In dem Lager leben rund 1000 Menschen, die überwiegend aus Afghanistan, Syrien und dem Irak stammen. Mutig und ohne Berührungsängste begab sich Reul unter diese Flüchtlinge, die ihn jedoch plötzlich bedrängten, um bei dem prominenten Besucher Gehör zu finden. Sie drohten damit, die Delegation einzukesseln, falls er nicht mit ihnen sprechen würde. Reul war natürlich sofort zum Dialog bereit, und so beklagten die Flüchtlinge die schlechten Zustände im Lager. Die Gassen seien am Vortag eigens für den Besuch aus Deutschland aufgeräumt und herausgeputzt worden, was die Insassen anhand von Handyaufnahmen belegten, mit denen sie die den Zustand des Lagers vor der Putzaktion dokumentierten. Darauf waren Bilder von Müllbergen und brennendem Schütt zu sehen. Zudem beklagten die Bewohner die schlechte medizinische Versorgung und die fehlende schulische Betreuung der Kinder.

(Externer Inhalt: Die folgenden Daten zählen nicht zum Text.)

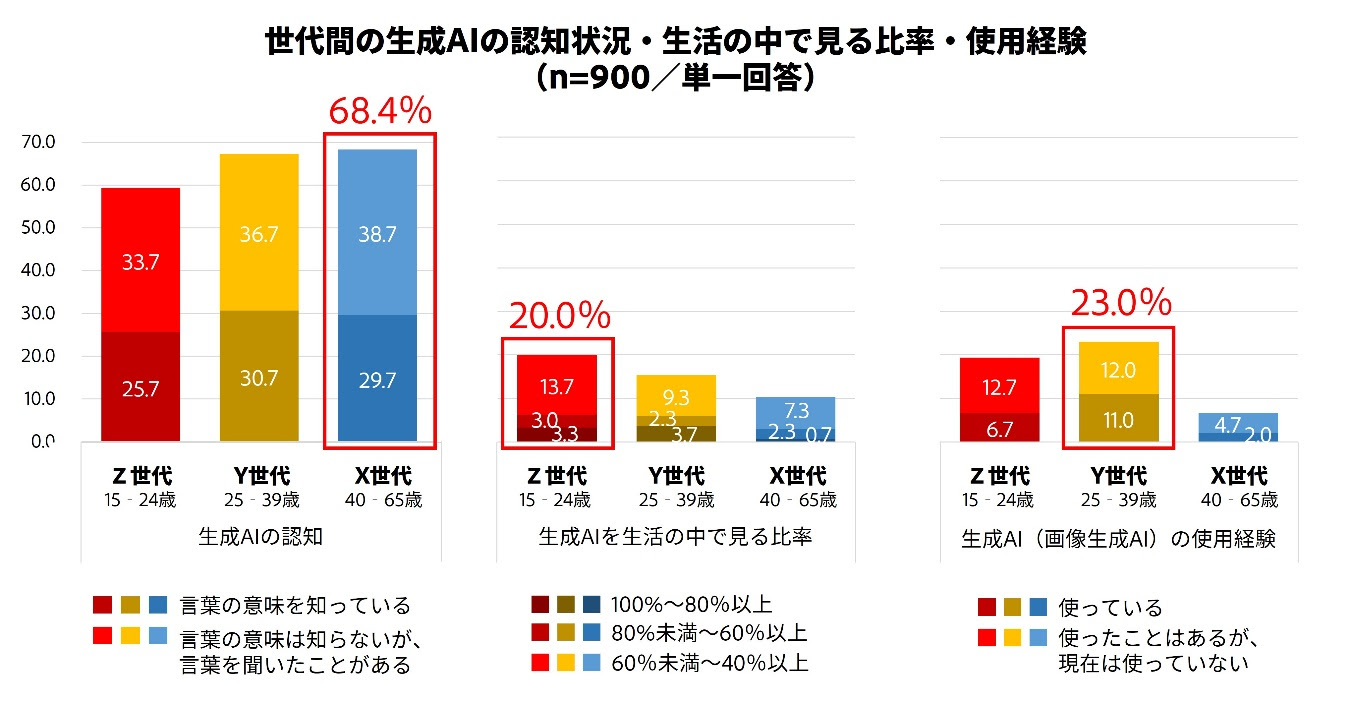 Z・Y世代は生成AI 「おもしろいコンテンツを生み出すもの」、X世代には
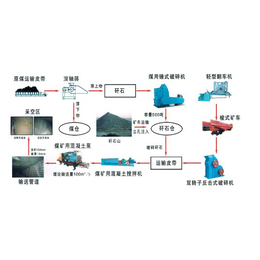 煤矿绿色开采技术-恒驰装备,恒驰制造-绿色开采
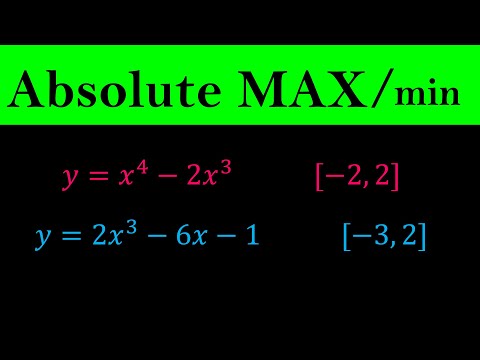 Absolute Maximum and Minimum Values - Finding absolute MAX & MIN of Functions - Calculus
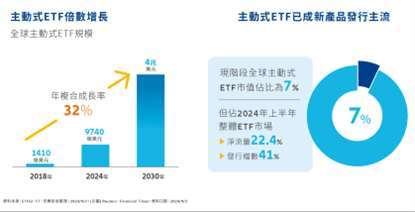 *配息可能由基金的收益平準金支付,任何涉及由收益平準金支出的部份,可能導致原始投資金額減損。本基金配息不代表基金實際報酬,且過去配息不代表未來配息;基金淨值可能因市場因素而上下波動。淨值組成項目查詢網址為(https://tw.allianzgi.com)。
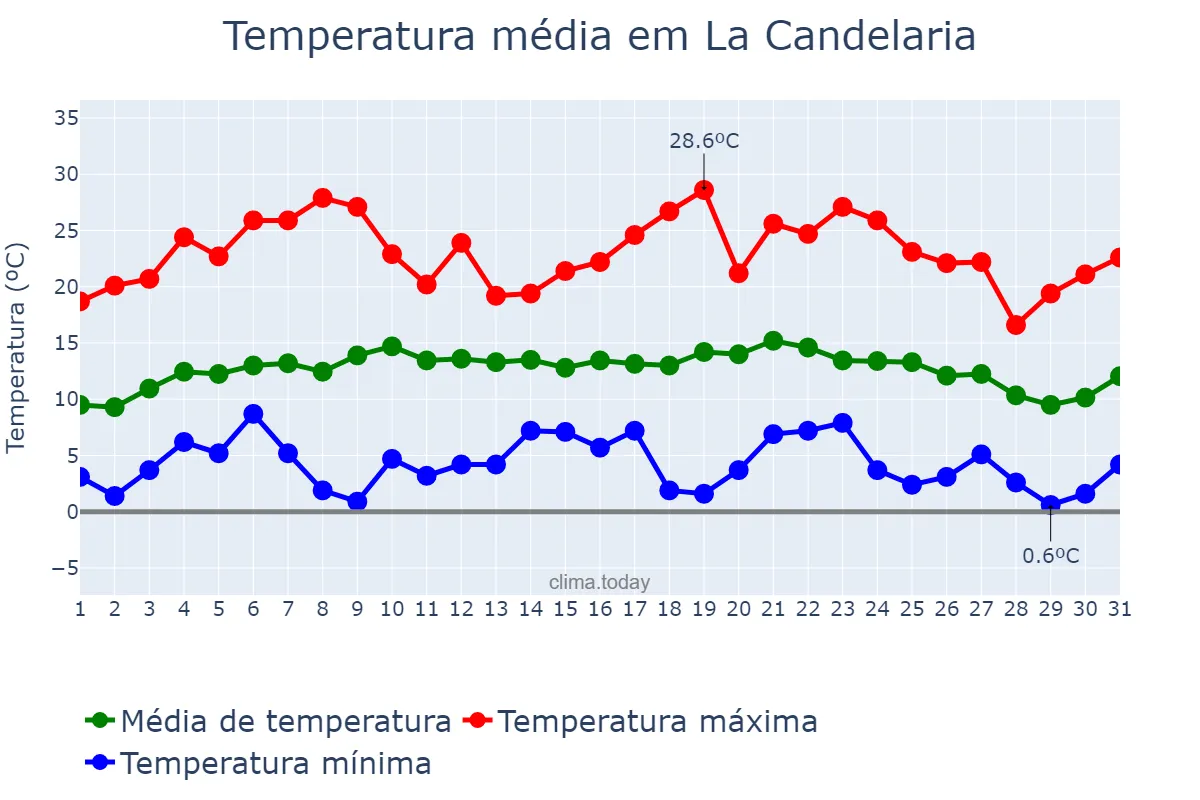 Temperatura em julho em La Candelaria, Salta, AR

Als aber die Flüchtling nicht von Reul abließen, brachen Vertreter des griechischen Flüchtlingsministeriums das Gespräch schließlich ab. Der deutsche Politiker wurde von Sicherheitsbeamten zum Delegationsbus eskortiert. Da die Situation unübersichtlich wurde, brachte man das Escape-Car der griechischen Polizei, das für den Notfall stets in der Nähe des Ministers bereitstand, in Stellung. [4] Das ginge denn doch zu weit, wenn ein deutscher Politiker vor Flüchtlingen flüchten müßte!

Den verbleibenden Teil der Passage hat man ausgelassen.